Avec ce disque consacré à Alain Vanzo dans le répertoire italien, le label Malibran remplit pleinement sa mission et vient nous remettre en mémoire des gloires injustement négligées. Car si la suprématie du ténor est connue et reconnue dans la musique française, on oublie trop aisément qu’il brilla aussi dans l’opéra italien, comme l’y invitaient ses origines familiales : monégasque, Alain Vanzo était d’ascendance transalpine et la langue n’était donc pas pour lui un obstacle. Et comme on le dit dans la version française du quatuor de Rigoletto, « Un jour, bel ange, un jour béni », il est apparu pour chanter l’italien.
Les choses s’engagent pourtant de manière un peu curieuse, avec les deux extraits de Don Giovanni. On s’étonne de la blancheur de la voix sur certains aigus, et cet Ottavio paraît un peu trop désincarné, un peu trop chanteur de charme. Heureusement, il s’enhardit un peu pour annoncer qu’il reviendra seulement pour annoncer morts et massacres… Pour échapper à toute mièvrerie, le personnage a sans doute besoin de plus vigueur dans l’accent, mais ce qu’on ose à peine appeler un défaut devient une qualité aussitôt qu’on aborde le répertoire authentiquement italien. Ecoutez ces Rossini tels que plus personne n’existe aujourd’hui pour les chanter avec une telle morbidezza ; on se résigne aujourd’hui souvent à entendre dans cette musique des timbres sans séduction, uniquement parce qu’ils ont la virtuosité requise. Vanzo ne craignait pas d’émettre les suraigus en voix de tête, mais cela nous vaut une séduction rare dans tout le reste de la tessiture.
On le sait, Joan Sutherland n’eut pas toujours la main heureuse en matière de ténors : Vanzo avait été son partenaire à Paris et à Londres dans Lucia di Lammermoor, que ne fit-elle appel à lui pour d’autres enregistrements que sa Lakmé de 1968, puisque, surtout dans le répertoire romantique français, il aurait été infiniment préférable au calamiteux Anastasios Vrenios dans Les Huguenots ? Son Edgardo est parfait, sa « Furtiva lagrima » est comparable aux témoignages que les plus grands ténors nous ont laissés.
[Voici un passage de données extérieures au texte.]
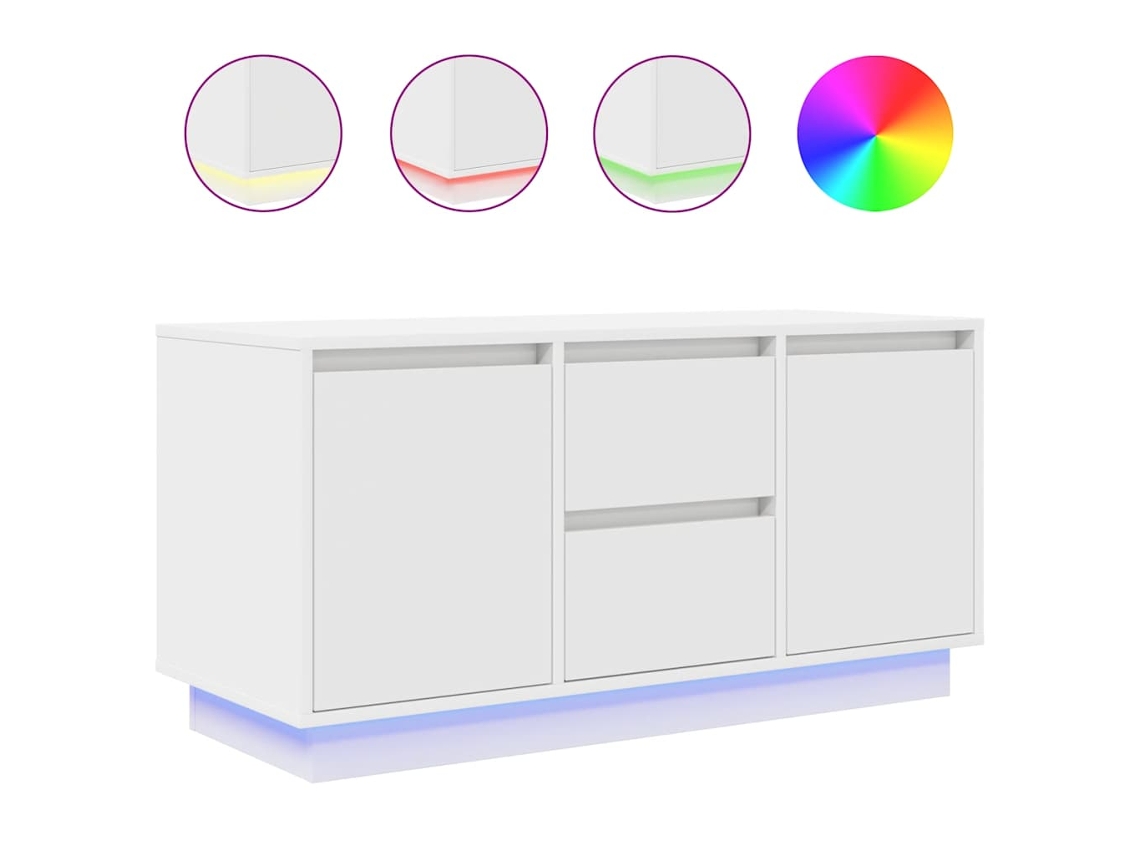 Maison Exclusive - Mueble De Tv Con Luces Led Blanco 100x41x50 Cm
Quant aux versions françaises, qui alternent ici avec les originaux en italien, elles ne doivent en aucun cas disqualifier ces enregistrements. Du temps où Puccini appartenait au répertoire de l’Opéra-Comique (qui en gardait jalousement l’exclusivité), il semblait tout naturel de chanter en français La Bohème – d’autant plus que l’action se situe à Paris – où Madame Butterfly. Ce Rodolphe-là est bien un poète, et même l’odieux Pinkerton devient artiste quand Alain Vanzo lui prête sa voix. Et bien que francophone, le Rigoletto qu’on entend ici n’est décidément pas à dédaigner : Renée Doria pouvait certes chanter Olympia, mais elle avait aussi à son actif des rôles autrement exigeants, et elle s’intègre parfaitement au quatuor du dernier acte ; quant à Robert Massard et Denise Scharley, on ne voit guère comment on pourrait espérer mieux que ce Rigoletto éloquent et cette Maddalena majestueuse (écoutez ses « Ah ah, j’en ris ! » dans le quatuor). Chanté par Vanzo, le Duc de Mantoue est presque trop sympathique ; dommage qu’on ne l’entende pas aussi dans « Possente amor mi chiama ». Seul bémol : l’orchestre dirigé de façon un peu prosaïque et lourde par Jésus Etcheverry. Chez Verdi, Alain Vanzo fut aussi un superbe Riccardo du Bal masqué, avec pourtant de tout autres moyens qu’Albert Lance, également interprète du rôle au Palais Garnier.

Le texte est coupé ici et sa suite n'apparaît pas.